Translated by Charlotte Mandell.

983 pages. Harper. $29.99.

The novel’s gushing fans, however, seem to have mistaken perversity for daring, pretension for ambition, an odious stunt for contrarian cleverness. Willfully sensationalistic and deliberately repellent, “The Kindly Ones” — the title is a reference to the Furies, otherwise known in Greek mythology as the Eumenides — is an overstuffed suitcase of a book, consisting of an endless succession of scenes in which Jews are tortured, mutilated, shot, gassed or stuffed in ovens, intercut with an equally endless succession of scenes chronicling the narrator’s incestuous and sadomasochistic fantasies.

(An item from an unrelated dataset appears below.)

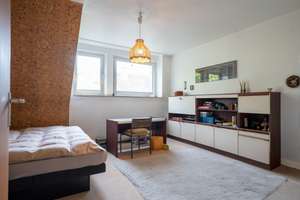 Raumwunder in Stadtwaldnähe! Großzügige Einfamilien-Doppelhaushälfte mit Sonnengarten in Bestlage! – Die vollständige Adresse der Immobilie erhältst du vom Anbieter., 47800 Bockum, Krefeld – Vorschaubild 15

Indeed, the nearly 1,000-page-long novel reads as if the memoirs of the Auschwitz commandant Rudolf Höss had been rewritten by a bad imitator of Genet and de Sade, or by the warped narrator of Bret Easton Ellis’s “American Psycho,” after repeated viewings of “The Night Porter” and “The Damned.”

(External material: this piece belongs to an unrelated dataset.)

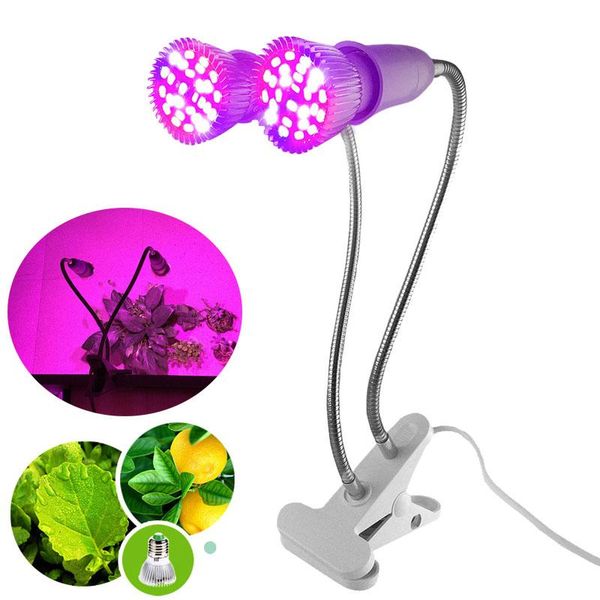 grow lights full spectrum led light uv ir dual head 28w plant lamp set kit desk holder on/off for hydroponics greenhouse aquarium
grow lights full spectrum led light uv ir dual head 28w plant lamp set kit desk holder on/off for hydroponics greenhouse aquarium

There are pages and pages in which the narrator, Max Aue, tries to rationalize the Nazis’ anti-Semitism, and pages and pages in which he describes the dead bodies he saw on the Eastern front in Russia, and later, at Auschwitz, where he served as a kind of efficiency expert, worrying about the overloading of the ovens and the basic rule of warehousing: “first in, first out.”

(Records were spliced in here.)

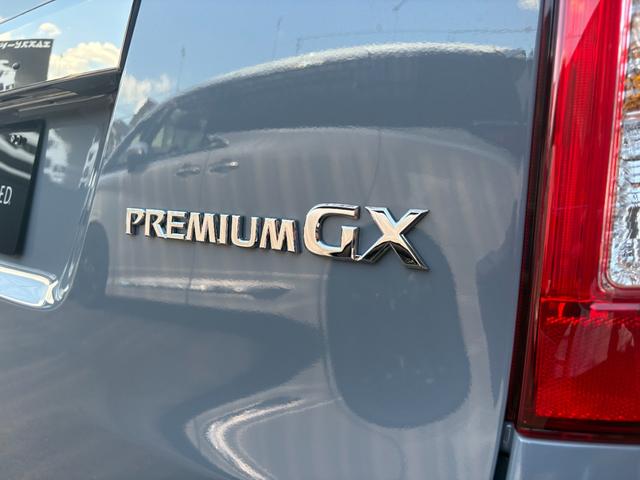 キャラバン ロンググランドプレミアムＧＸ　登録済み未使用車　４ＷＤ　ディーゼル車　４Ｎ１６　ワンタッチオートスライドドア　スクラッチシールド　寒冷地仕様　デジタルインナーミラー　アラウンドビューモニター　シートヒーター　クリアランスソナー（29枚目）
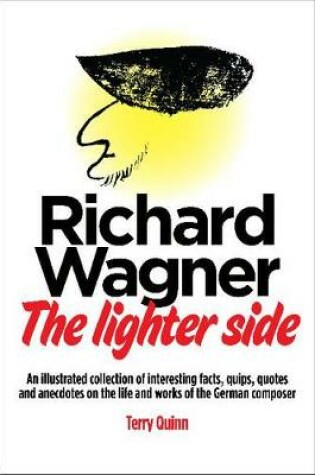 Cover of Richard Wagner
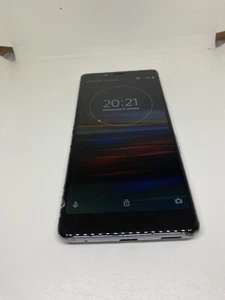 Sony Xperia L3 4G LTE 32GB Android Smart Phone Black C - Picture 1 of 10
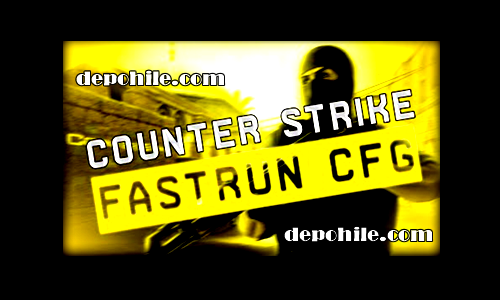 Counter Strike 1.6 Fastrun CFG Hızlı Gitme Hilesi 2020 Steam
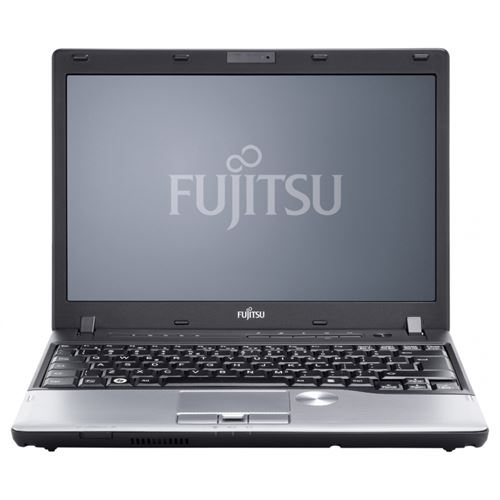 Ordinateur Portable Fujitsu Lifebook P702 - 4Go - 500Go Noir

We are subjected to pages and pages of Max’s grotesque sexual fantasies (like sodomizing his twin sister, Una, on a guillotine plank); his leering descriptions of the genitalia of male lovers and female corpses; and his frequent bouts of vomiting and diarrhea. He also tells us about his hatred of his mother and stepfather, both of whom he has possibly murdered, and his killing of his best friend.

Although Aue contends that he is “a man like other men,” “a man like you” and depicts himself as a cultivated intellectual who reads Flaubert and Kant, his story is hardly a case study in the banality of evil. Whereas the heroes of the play “Good” and the movie “Mephisto” were ordinary enough men who out of ambition or opportunism or weakness turned to the dark side and embraced the Nazi cause, Aue is clearly a deranged creature, and his madness turns his story into a voyeuristic spectacle — like watching a slasher film with lots of close-ups of blood and guts.

Unable to understand Aue, much less sympathize with him, the reader is not goaded, as in the case of “Good” and “Mephisto,” to question his or her own capacity for moral compromise. Instead Mr. Littell simply gives us a monster talking at monstrous length about his monstrous deeds, encouraging us to write off Nazis as cartoonish madmen — strutting psychopaths in black SS uniforms, murdering Jews out of the same Freudian kinks that might drive them to murder members of their own families. And he does so while wallowing in the most sordid details of Aue’s story.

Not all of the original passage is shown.